WHAT THE TASK REQUIRES:
The reply should hold only the lines from the one with "This is the pH" to the one with "You might be", both ends kept, exactly as they appear below, without any pictures.
#### RAW DATA
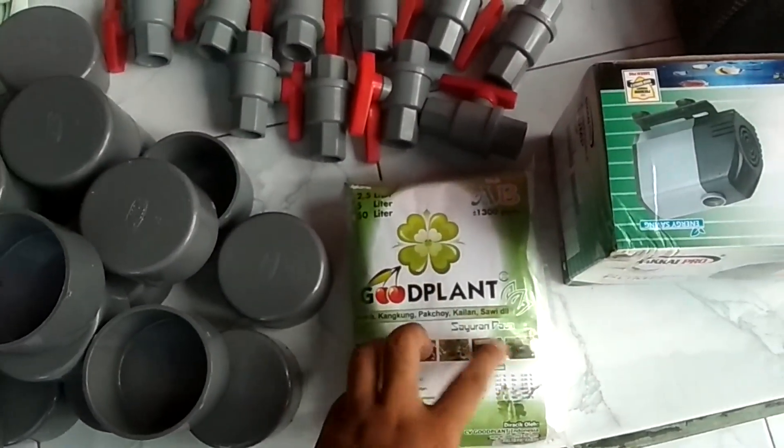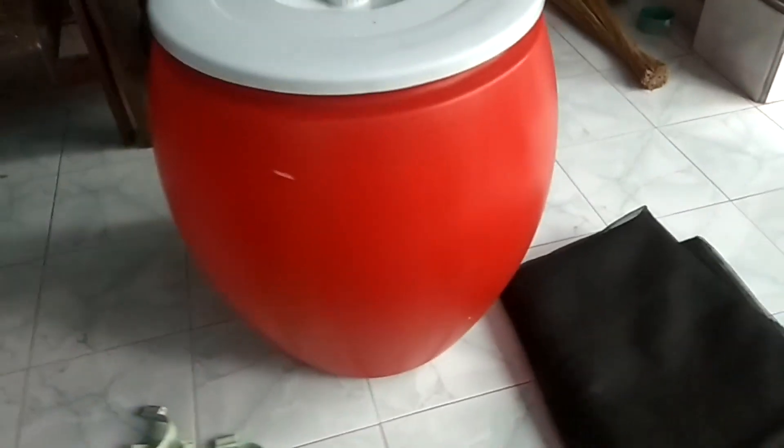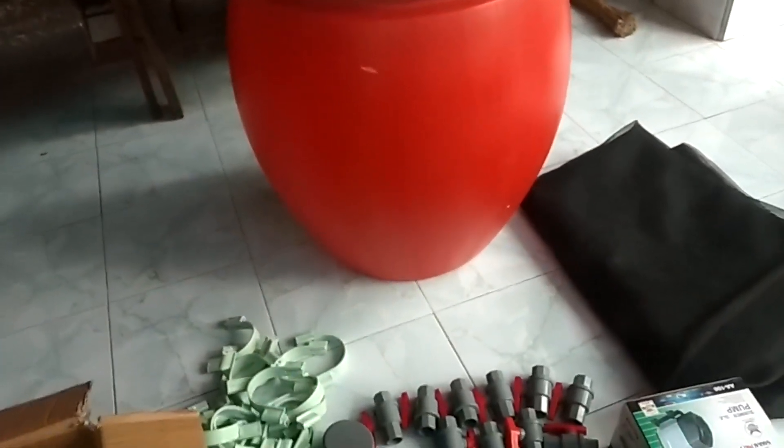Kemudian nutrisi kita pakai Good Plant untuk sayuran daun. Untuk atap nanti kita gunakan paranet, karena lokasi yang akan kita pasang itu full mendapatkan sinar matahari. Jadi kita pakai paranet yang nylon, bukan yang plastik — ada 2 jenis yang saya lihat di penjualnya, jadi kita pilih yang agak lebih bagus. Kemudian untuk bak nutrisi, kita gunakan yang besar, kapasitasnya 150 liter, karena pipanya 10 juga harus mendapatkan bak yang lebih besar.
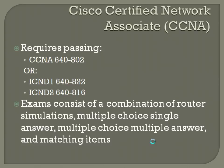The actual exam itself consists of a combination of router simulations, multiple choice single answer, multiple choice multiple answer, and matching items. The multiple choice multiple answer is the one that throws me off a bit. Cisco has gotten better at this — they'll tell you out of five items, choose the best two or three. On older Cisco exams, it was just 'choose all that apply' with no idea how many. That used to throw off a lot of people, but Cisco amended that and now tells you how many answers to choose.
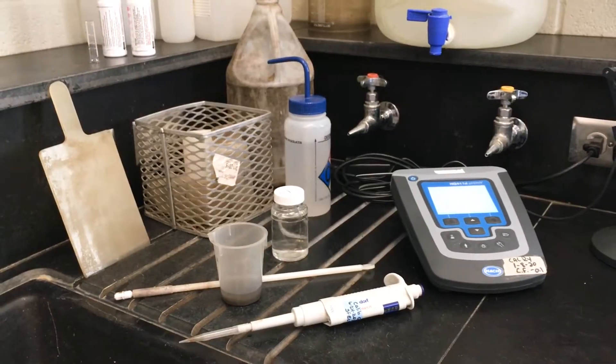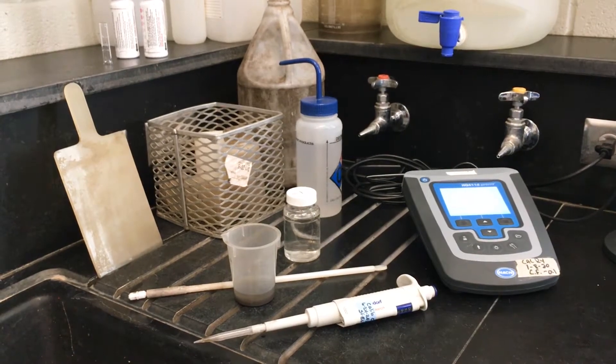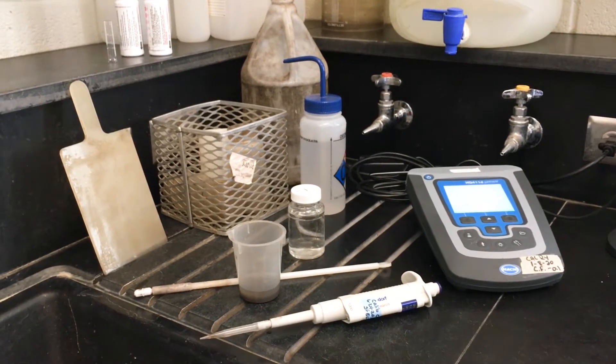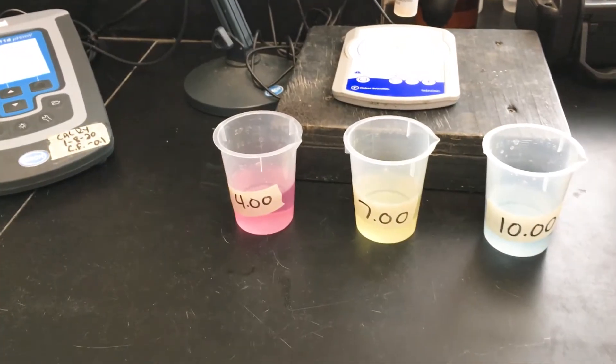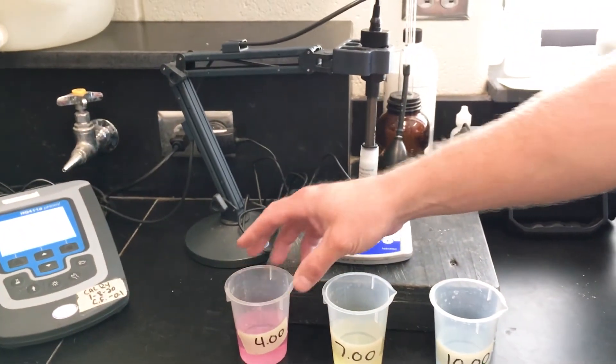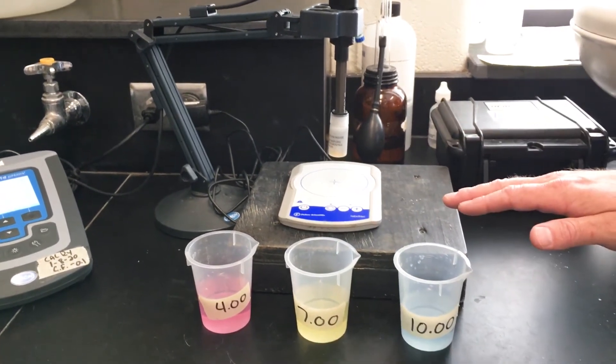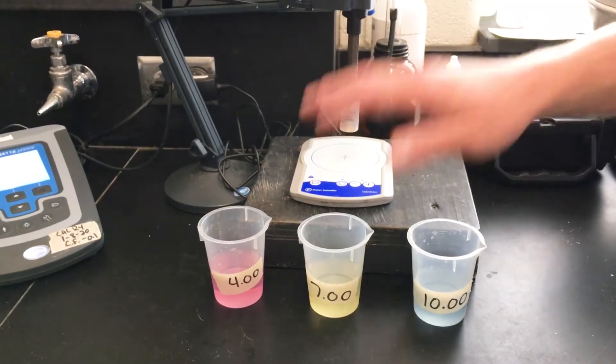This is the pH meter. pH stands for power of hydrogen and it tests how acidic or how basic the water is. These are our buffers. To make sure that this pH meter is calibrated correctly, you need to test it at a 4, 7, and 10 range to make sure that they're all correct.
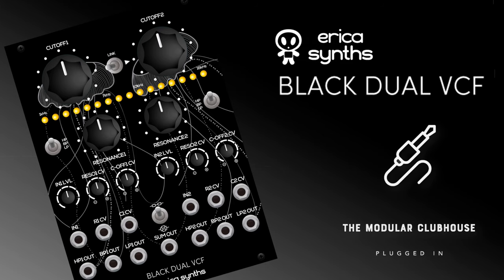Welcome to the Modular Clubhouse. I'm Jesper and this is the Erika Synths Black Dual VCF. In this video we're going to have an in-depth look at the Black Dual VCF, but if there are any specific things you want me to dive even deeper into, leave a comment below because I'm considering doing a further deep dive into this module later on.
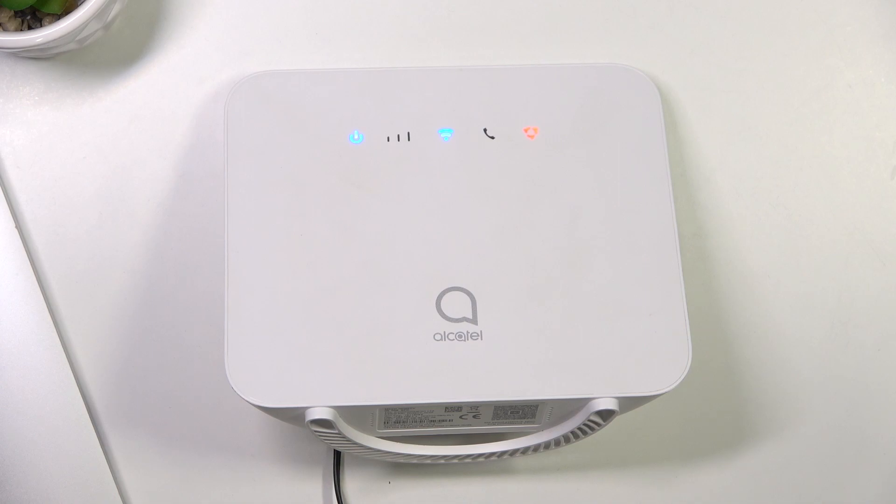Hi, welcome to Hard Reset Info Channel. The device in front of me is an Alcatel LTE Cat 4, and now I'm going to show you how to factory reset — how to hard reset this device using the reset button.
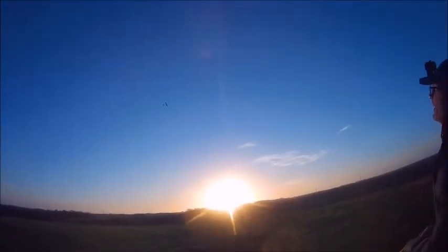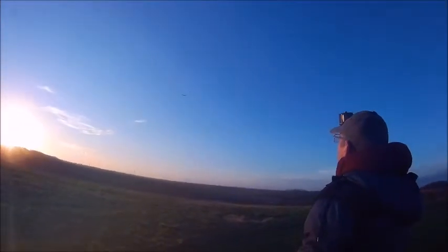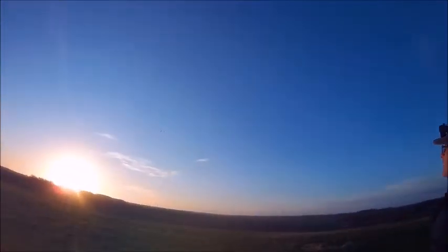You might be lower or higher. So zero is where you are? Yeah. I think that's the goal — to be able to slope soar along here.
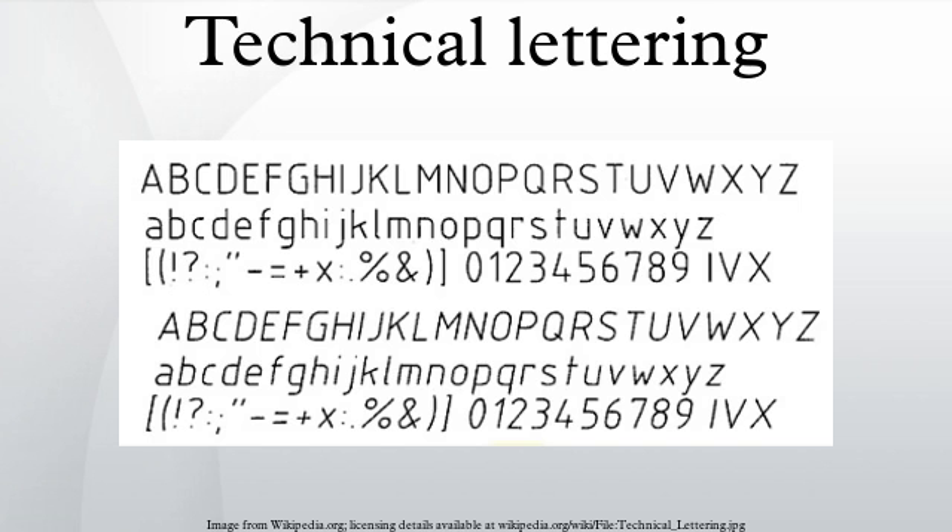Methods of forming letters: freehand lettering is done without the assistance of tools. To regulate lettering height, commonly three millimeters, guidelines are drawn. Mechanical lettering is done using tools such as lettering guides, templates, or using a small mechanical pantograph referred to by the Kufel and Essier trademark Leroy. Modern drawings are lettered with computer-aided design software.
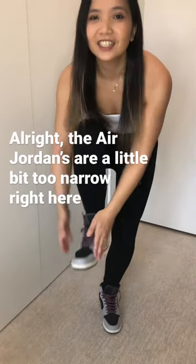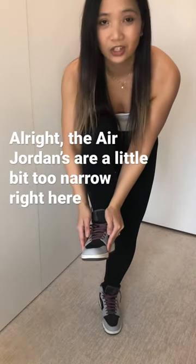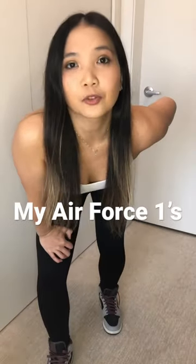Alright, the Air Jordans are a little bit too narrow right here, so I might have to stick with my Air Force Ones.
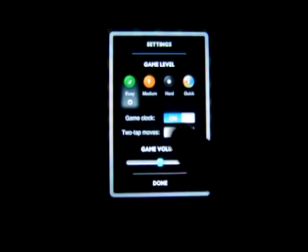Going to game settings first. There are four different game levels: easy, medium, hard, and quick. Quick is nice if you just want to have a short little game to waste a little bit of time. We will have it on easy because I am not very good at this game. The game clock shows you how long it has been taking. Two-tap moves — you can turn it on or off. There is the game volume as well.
########
ANSWER SPACE:
This is the pH meter. pH stands for power of hydrogen and it tests how acidic or how basic the water is. These are our buffers. To make sure that this pH meter is calibrated correctly, you need to test it at a 4, 7, and 10 range to make sure that they're all correct.
Welcome to the Modular Clubhouse. I'm Jesper and this is the Erika Synths Black Dual VCF. In this video we're going to have an in-depth look at the Black Dual VCF, but if there are any specific things you want me to dive even deeper into, leave a comment below because I'm considering doing a further deep dive into this module later on.
Hi, welcome to Hard Reset Info Channel. The device in front of me is an Alcatel LTE Cat 4, and now I'm going to show you how to factory reset — how to hard reset this device using the reset button.
You might be lower or higher. So zero is where you are? Yeah. I think that's the goal — to be able to slope soar along here.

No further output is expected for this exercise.